The genre you choose - drama, comedy, action-adventure - will most likely reflect an attitude and perspective about the story you write, but not necessarily your own perspective. Any topic and any situation can be delivered in any of these formats. For example, a plane about to crash can have many aspects. It might be written as a very dramatic and insightful event that makes people dig deep within themselves. It may have a humorous side - humor in the face of impending death - that may reflect in a light way what is deep inside, before they get planted deep within the earth. Or it could involve a lot of action-adventure: perilous circumstances and people who boldly face death together. Each one of these approaches is able to make the same points, it's just a matter of emphasis. And each genre will usually have elements of the other genres in them, it's just a matter of emphasis.

Every story, even science fiction and far-out comedy are about life. They tell us something about the human condition. In comedy we laugh at ourselves or the silly and unexpected. In science fiction we ponder the blanks in our knowledge. In horror we confront our fears. In action, we enjoy life and explore our fantasies. In drama we see various dimensions of ourselves. All stories, even if just for entertainment or escapism, talk about life - it's a matter of the attitude they are presented with. And if it entertains or informs, it affects our attitude.
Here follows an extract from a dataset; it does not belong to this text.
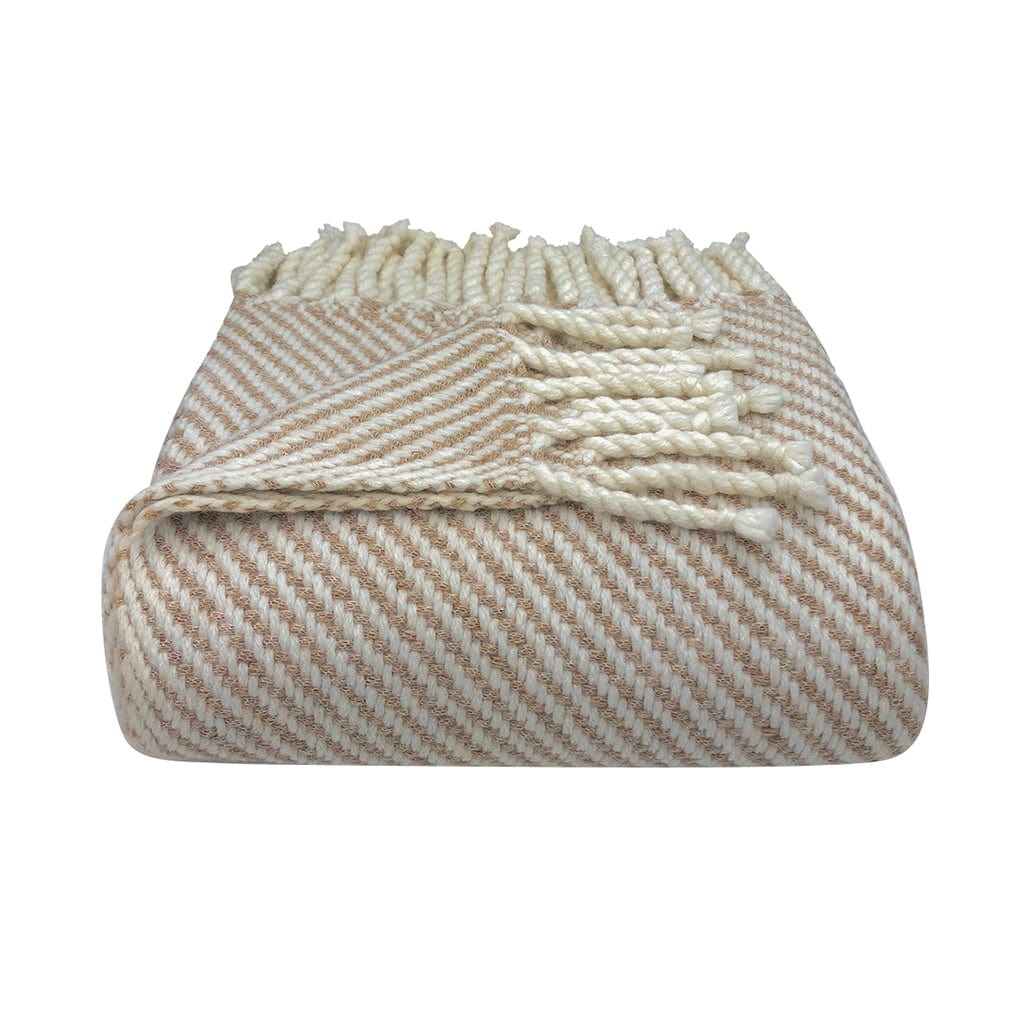 Chunky Camel Stripe Alpaca Throw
Every genre has a unique set of characteristics influenced even by the medium it will appear in. For example, comedy may include many types, but for TV is largely situation comedy. The TV sitcom is not like a feature film situation comedy. Episodic TV uses the same characters every week and everything is resolved in a short time frame - a week or so for the story period, and a half-hour for the show. But feature film may develop several situations, one after another, in a comedy that covers several months or years, and you have ninety to one-hundred-twenty minutes to work with. Plus the subjects in feature film are usually bigger, and the scenes include more settings, especially outside. Following are a few tips about various genres. 

Comedy: Highest Art

I used to be very serious, never smiled, thought everything had to be serious and relevant. Comedy was for the feeble minded who only ignored reality. Then I met my future wife. She called my sister a "conversation piece." I smiled, and married her. Later she told me I was twenty-eight going on eighty-two. I smiled again and liked it. She had changed me. Life doesn't have to be all serious. When people lose their sense of humor, they pick up their guns. Make them laugh, they put their guns down. Humor makes the toughest medicine a little easier to swallow. I think comedy is the highest art. It allows us to peek in our darkest corners without fear, and without picking up a gun. 
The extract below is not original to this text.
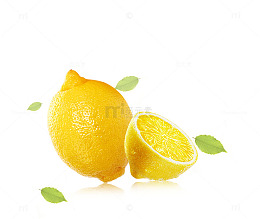 免抠黄色柠檬绿叶装饰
Comedy has two categories which often overlap. One style leans toward farce. There is nothing important going on, except poking fun at some target. With one liners and humorous situations and maybe some slapstick, the bungling continuous uproariously to the end. The laughs often come from the special talents of character actors. Farce often contains the elements of neurotic reactions and insane situations. 

Situation comedy, on the other hand, takes a serious theme and portrays it in a humorous light. Many stories, like the TV series Mash, use both types of humor; and farce usually has some serious target, like the absurdities of bureaucracy. 

Characterization is different for the two types of comedy. In situation comedy, the central character drives the story forward and changes during the story. He will usually be a fairly normal person in situations that are close to reality, but treated with humor. For example, Charles may be a "no account" who is compelled by his attraction to a sophisticated banker to improve himself. He's a lovable guy who is easy to identify with, even if he has no past accomplishments. So we watch him stumble all over himself trying to learn social graces and win the lady. In another comedy, Chuck may be a bungling nitwit whom others use. But he is a nice guy and in the end his goodness defeats the people who are using him, giving him the last laugh.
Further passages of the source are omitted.